Employees in Puerto Rico take home a smaller share of income than anywhere else in the U.S.

But is this despite or because of the many regulations the Puerto Rican government uses to tilt the economic scale in favor of workers?

The island’s government leans to the left and has done all it can to interfere with the free market in Puerto Rico. For instance, in Puerto Rico, the minimum wage is extremely high—77 percent of the median wage. Unlike the mainland U.S., Puerto Rico has European-style labor laws that grant time-and-a-half pay to anyone who works over 8 hours a day and make it difficult to lay workers off.

 In Puerto Rico, workers get a smaller slice of the pie than anywhere else in the U.S.

Proponents of these pro-labor policies have been willing to shrink the entire economic pie in order to get a bigger slice for a few.
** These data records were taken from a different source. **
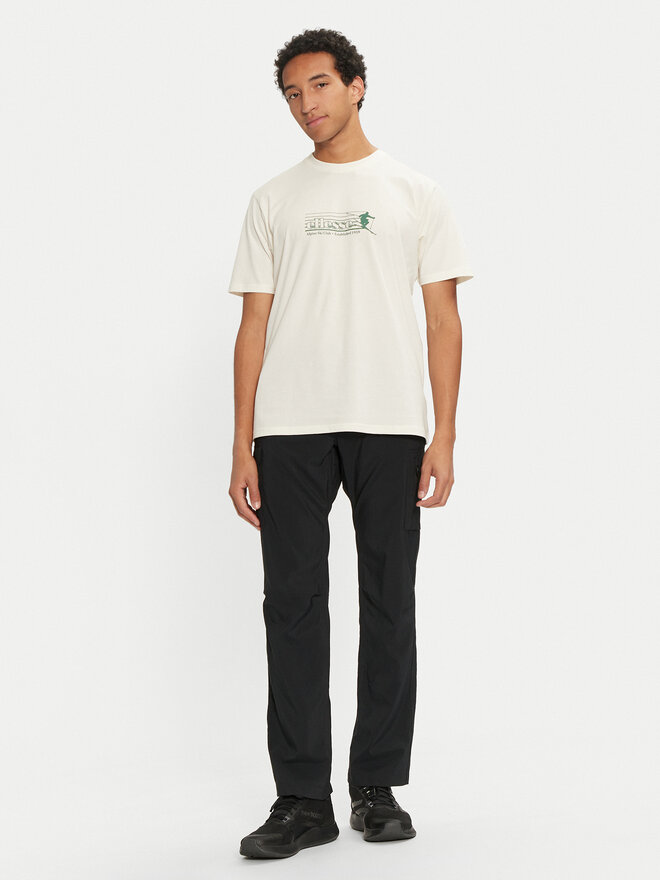 Ellesse Ellesse Футболка Winteros SHX20962 Білий Regular Fit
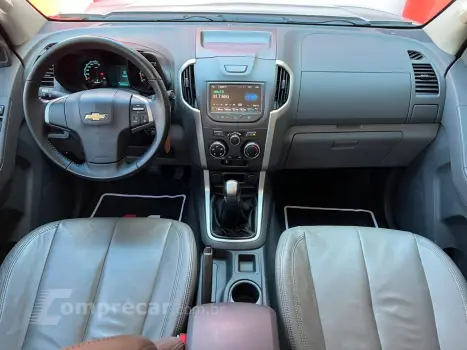 S10 2.4 LT 4X2 CD 8V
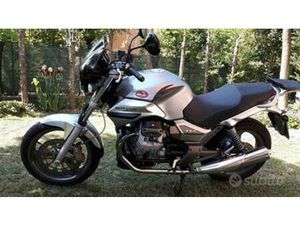MOTO GUZZI BREVA 750 - 2004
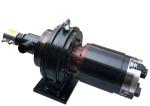 Lever Type Medium Solid Double Acting Feeding Chuck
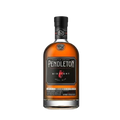 Pendleton Midnight Canadian Whisky 750 ml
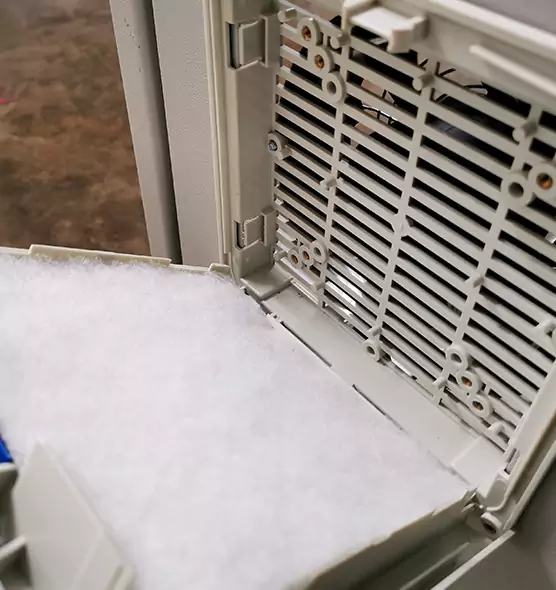 About Air Duct Overhaul & Upgrades in Grand Island, NE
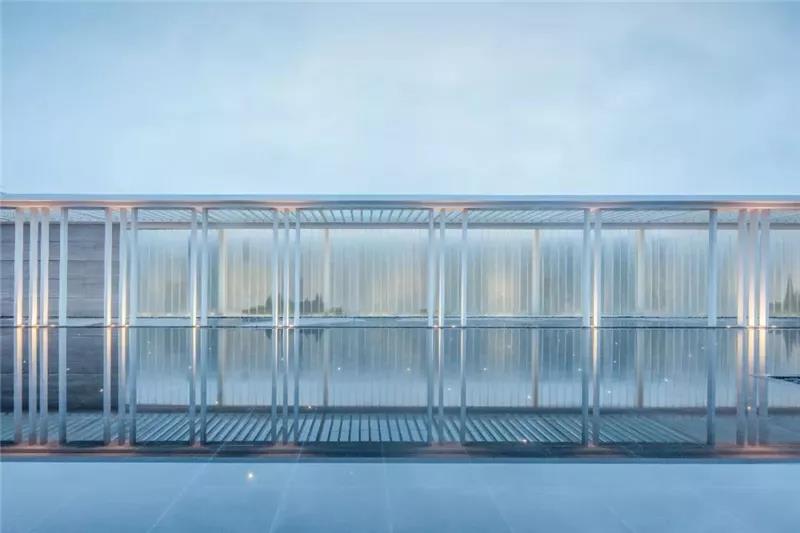 u型玻璃的优缺点,u型防火玻璃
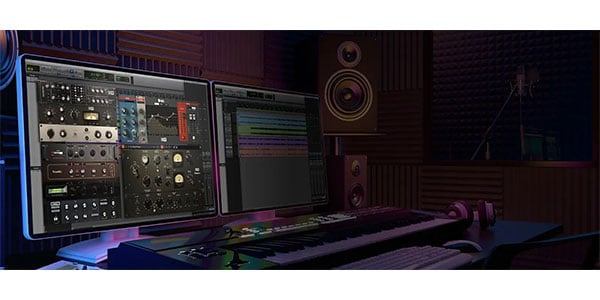 OVERLOUD ( オーバーラウド )  / GEM EQ495 - SUPER-MUSICAL EQ ダウンロード納品画像2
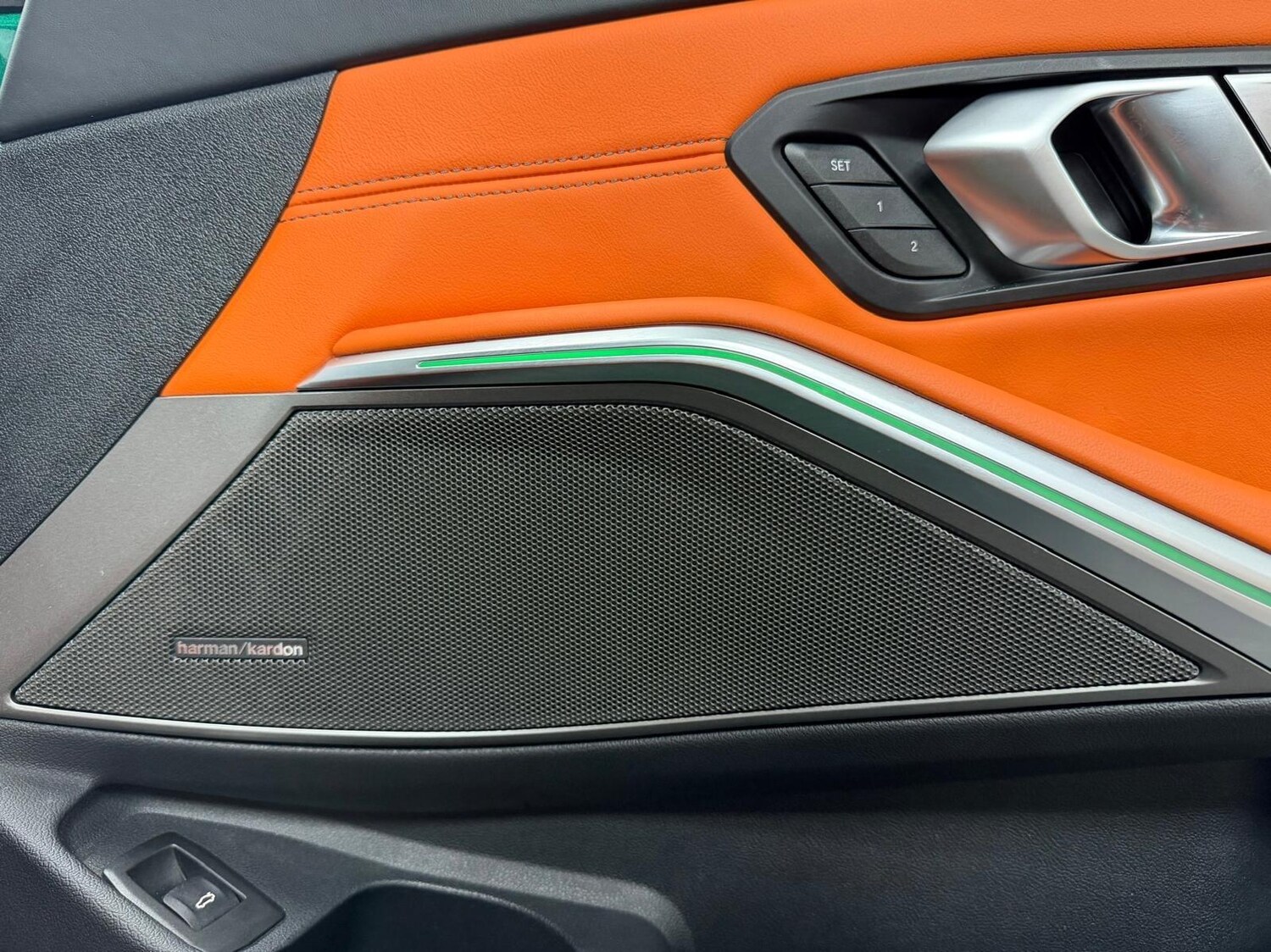 Used BMW M3 2023 for sale - 78100384: Photo 14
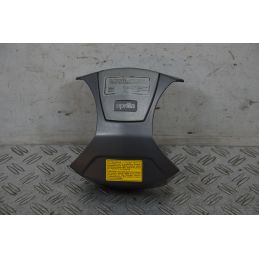 Carena Coperchio Coprimanubrio Aprilia Atlantic 500 Dal 2001 Al 2004  1702999651926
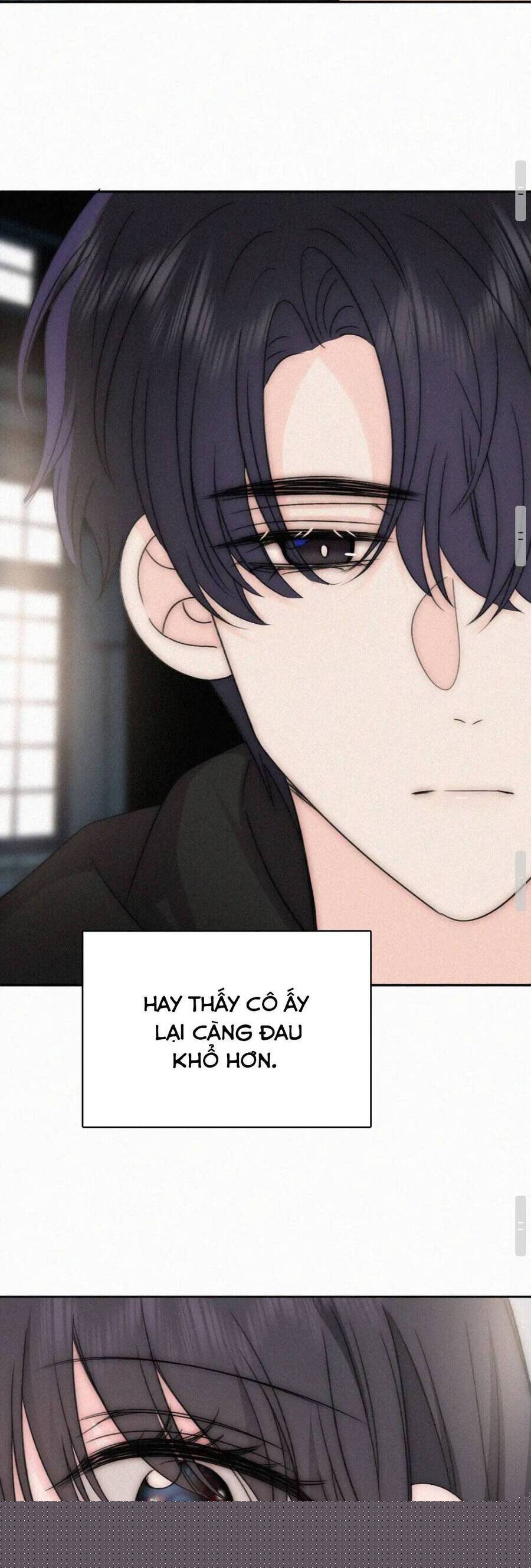 Bá Vương Sủng Ái Cô Vợ Mù Chapter 133 - Trang 16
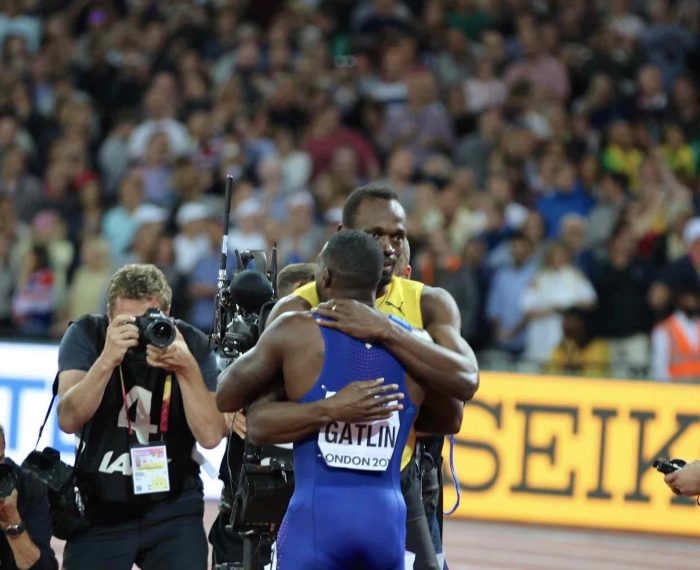 Has the World Athlete of the Year award become a meaningless accolade?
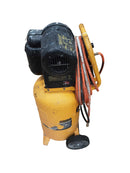 Dewalt D55168 Yellow Electric Compressor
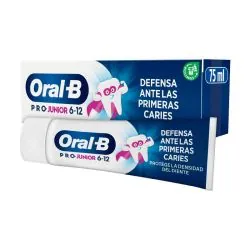 Oral-B Pro-Junior Pasta de...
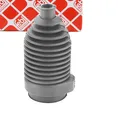 febi Spurstange Lenkmanschette für VW GOLF 2 3 PASSAT B3 B4 vorne 357422831B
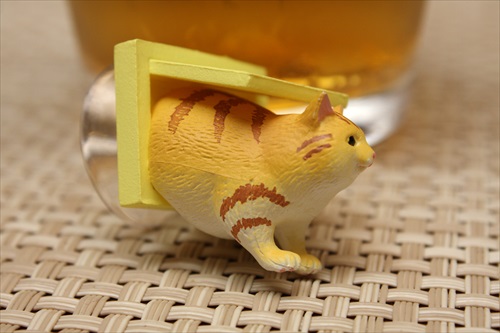 ガチャポン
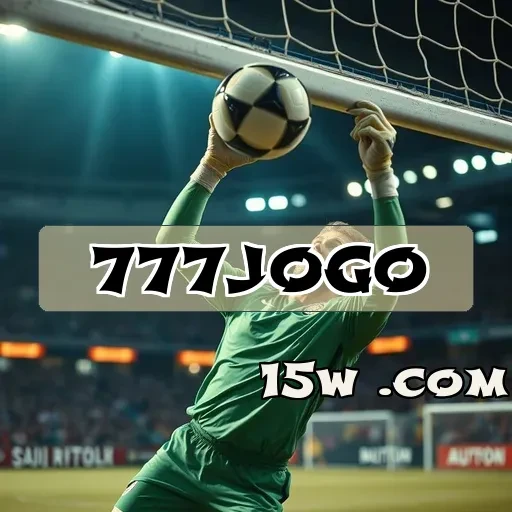 777jogo.com: Explore o Mundo Vibrante dos Jogos Arcade Aqui!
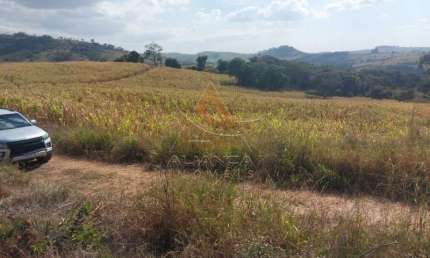 Fazenda à venda na Área Rural de Passos, Passos 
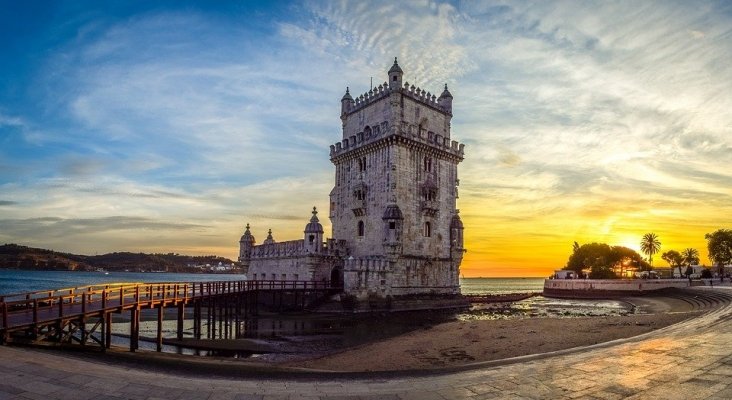 belem tower 2809818 960 720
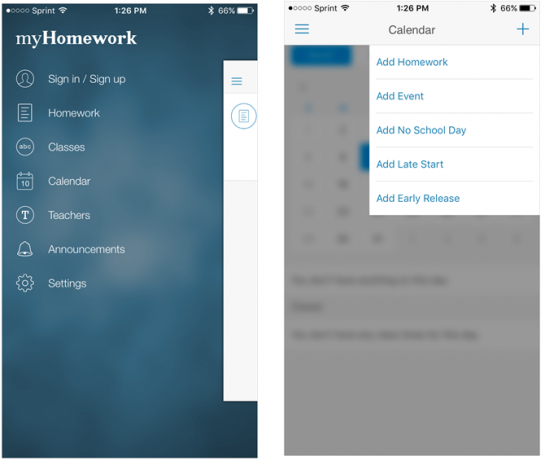 aplikasi iphone myhomework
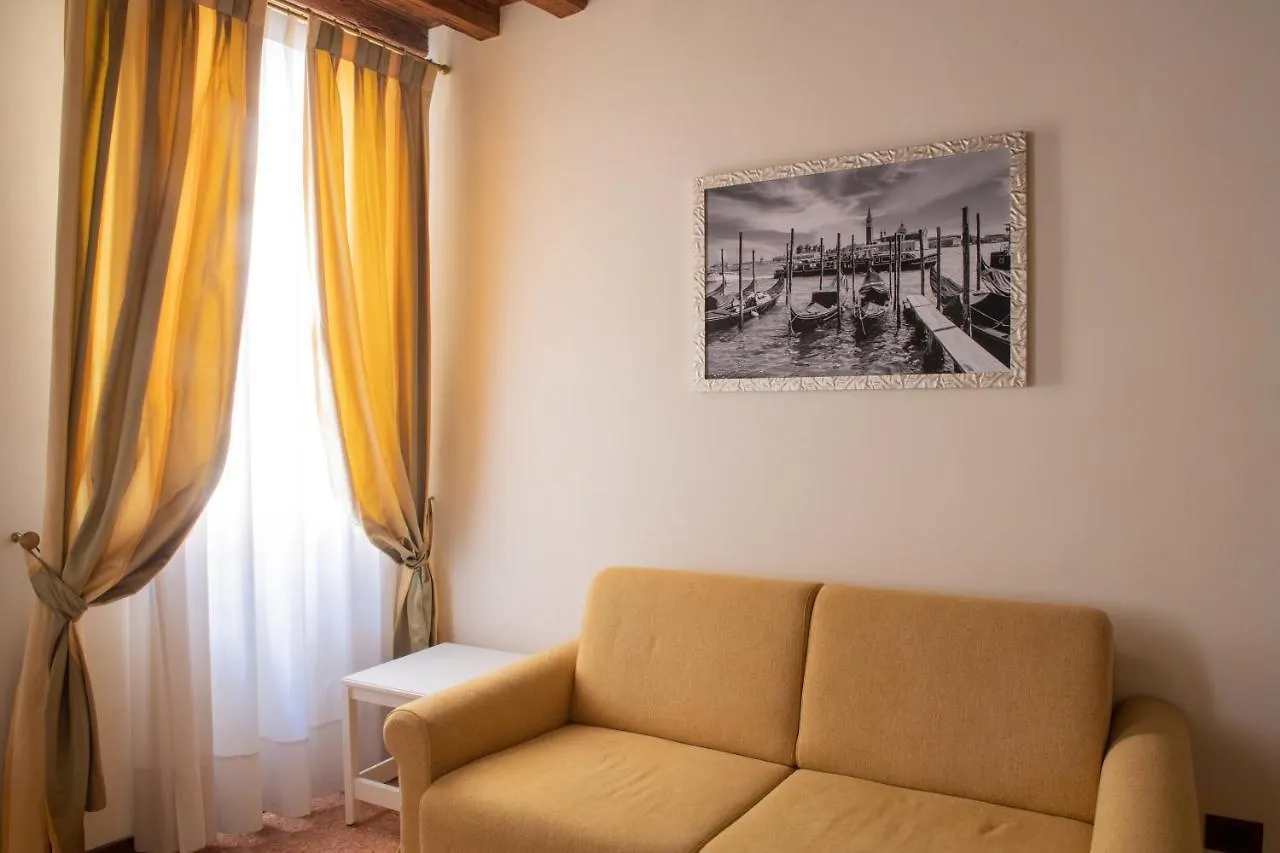 Ve-Nice Suite San Marco C4439 Venedig Italien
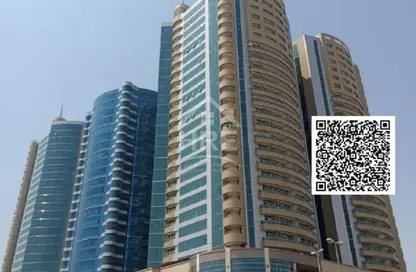 Apartment - 2 Bedrooms - 3 Bathrooms for sale in The Icon Casa 2 - Al Rashidiya 3 - Al Rashidiya - Ajman
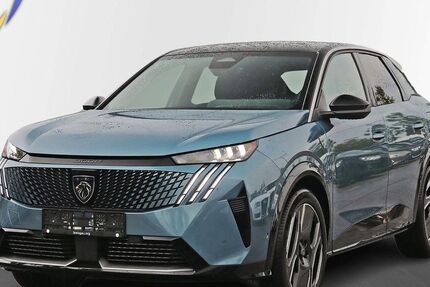 Peugeot 3008 9.900 km 34.990 &euro; Emmendingen 79312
The problem is that they haven’t achieved even that. In Puerto Rico, workers get a smaller slice of the pie than anywhere else in the U.S.

In the U.S. as a whole, employees in manufacturing earn 61 cents of every net dollar earned. But in Puerto Rico, they earn only 8 cents.

PRChart

This is because of a policy trap set by Congress.

Congress created tax incentives in the 20th century in order to lure manufacturing to the island. But at the same time, Congress maintained the maritime Jones Act, which makes electricity and shipping prohibitively expensive, making Puerto Rico a bad place to do business.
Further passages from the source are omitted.